Site icon Portal informacyjny STRAJK

Ukraina: już ponad 400 cywilnych ofiar wojny. Charków, Mikołajów, Sumy pod ostrzałem

Mieszkańcy Irpinia kryją się pod zburzonym mostem, oczekując na ewakuację.

W wojnie na Ukrainie nie przestają ginąć cywile. Jak informują ukraińskie służby ratunkowe, kilkanaście osób straciło życie tylko ostatniej nocy. W regularnie bombardowanych i ostrzeliwanych miastach pozostaje kilkaset tysięcy mieszkańców.
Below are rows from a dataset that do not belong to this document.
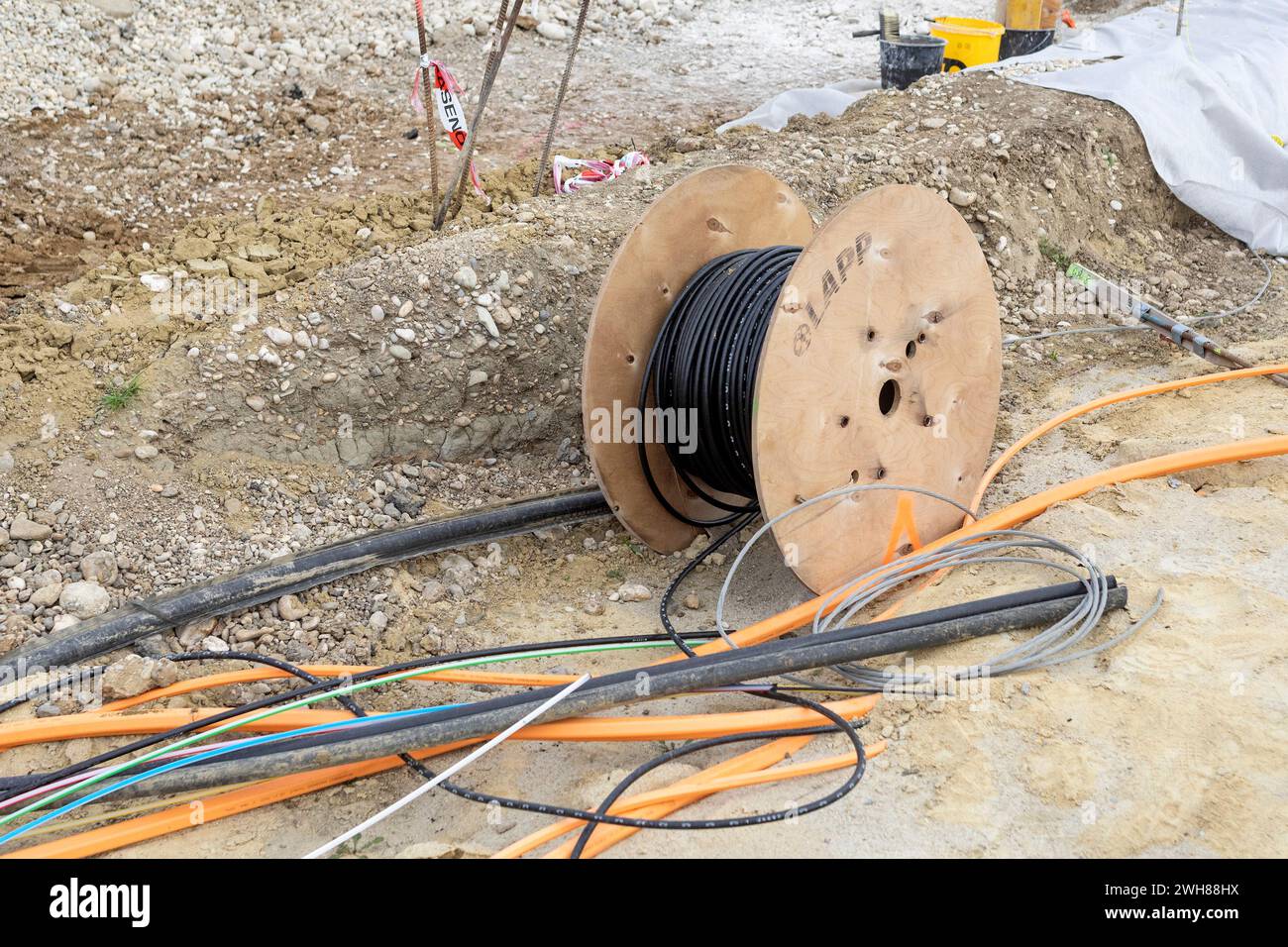 Road Construction Site, Various Cables Stock Photo
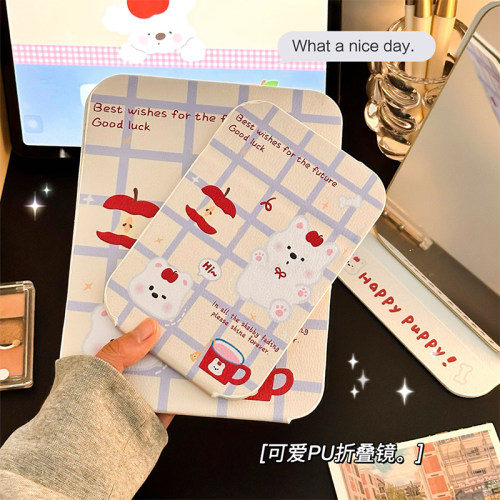 超大折叠镜化妆镜女办公室桌面可立学生宿舍高颜值便携可爱梳妆镜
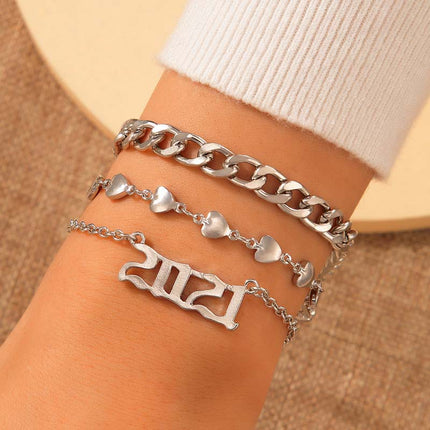 Großhandel Mode 2021 Silber Geometrisches Herz Armband Set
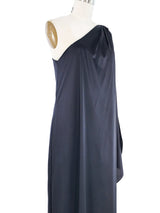 Halston One Shoulder Caftan Gown Dress arcadeshops.com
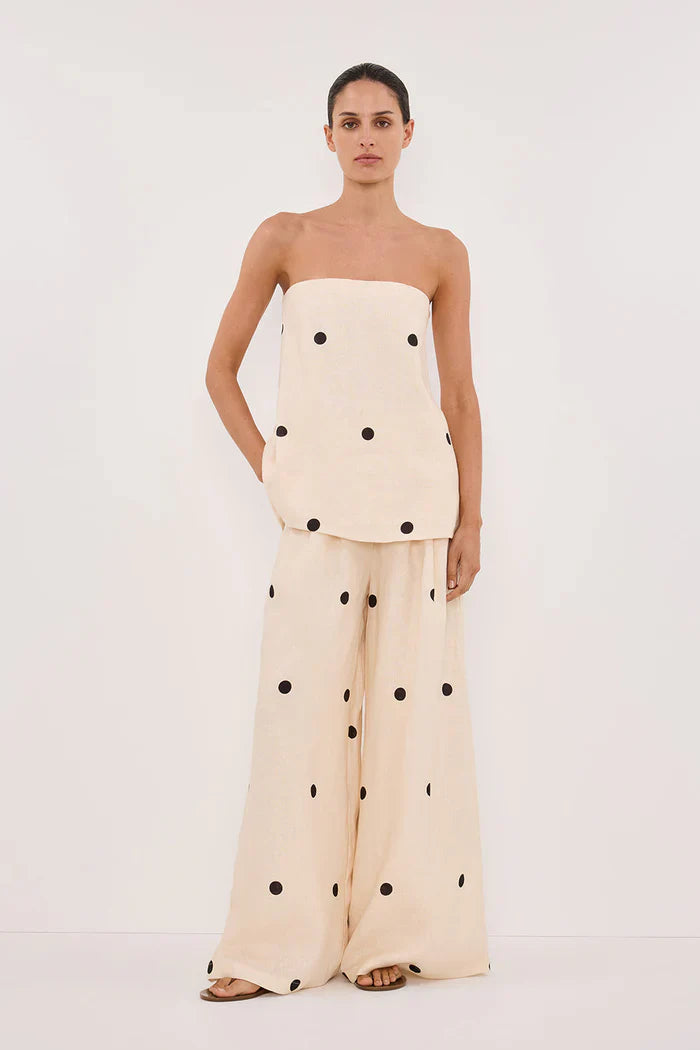 Women’s Polka Dot Strapless Top and Wide-Leg Set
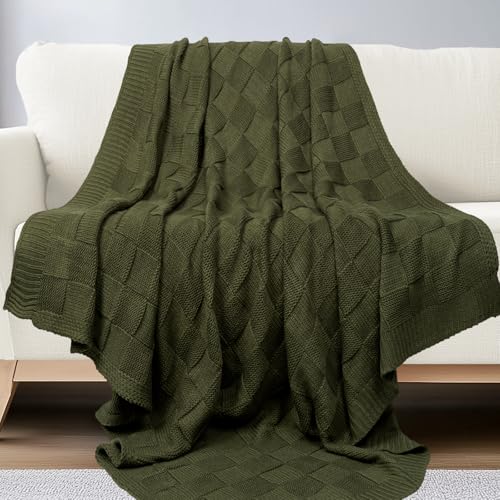 MACEVIA Olive Green Classical Checkered Blanket for Couch 50" X 60" Knitted Christmas Throw Blanket for Bed Sofa Living Room Christmas Decorative Blanket (Olive Green) - Image 4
Cztery osoby zginęły podczas ostrzałów i wywołanych przez nie pożarów w Mikołajowie, jednym z największych miast południa Ukrainy. Mikołajów jest celem rosyjskiego natarcia od trzech dni, po tym, gdy padł położony kilkadziesiąt kilometrów dalej na wschód Chersoń. Nie ustają również ostrzały Charkowa i Sum na północnym wschodzie Ukrainy. W Charkowie wskutek ostrzału spłonął wielopiętrowy blok mieszkalny. Zginęły przynajmniej cztery osoby. W Sumach, również na północnym wschodzie kraju, podobny obiekt stanął w ogniu, gdy spadły na niego bomby. Zginęło dziewięcioro cywilów.

W niedzielę ośmioro cywilów zginęło, uciekając z bombardowanego miasta Irpiń, na północny zachód od Kijowa. Wśród ofiar jest czteroosobowa rodzina. Część miasta została opanowana przez rosyjskie wojska. Całe dzielnice miasta zostały obrócone w ruinę.

W poniedziałek trzynaście osób straciło życie, gdy zbombardowany został zakład piekarniczy w Makarowie, w obwodzie kijowskim. W gruzy został obrócony Hostomel, gdzie na początku wojny toczyły się walki o lotnisko wojskowe. Mer miasta zginął, niosąc mieszkańcom pomoc. Podobnie wygląda sytuacja w położonej nieco dalej na południe Buczy.

W oświadczeniu wydanym w poniedziałek, w dwunastym dniu wojny, ONZ szacuje liczbę cywilnych ofiar agresji na Ukrainę. Podaje, iż bez wątpliwości zginęło 406 osób, a 801 odniosło rany. Niestety nie ma również wątpliwości, że w kolejnym komunikacie te liczby będą jeszcze wyższe. Biuro Wysokiego Komisarza Narodów Zjednoczonych ds. Koordynacji Kwestii Humanitarnych przyznaje, że nadal weryfikuje doniesienia o śmierci osób cywilnych. Największe straty, jeśli chodzi o śmierć ludzi, ale też zniszczenia infrastruktury niezbędnej do życia, poniosła wschodnia część Ukrainy – to na nią przypada 45 proc. wszystkich zabitych i rannych cywilów. W obwodach donieckim i ługańskim, według danych ONZ z 5 marca, 65 osób zginęło, a 309 odniosło rany na terytoriach kontrolowanych przez Ukrainę, zaś 23 osoby zginęły i 106 zostało rannych na terytorium samozwańczych republik Donieckiej i Ługańskiej.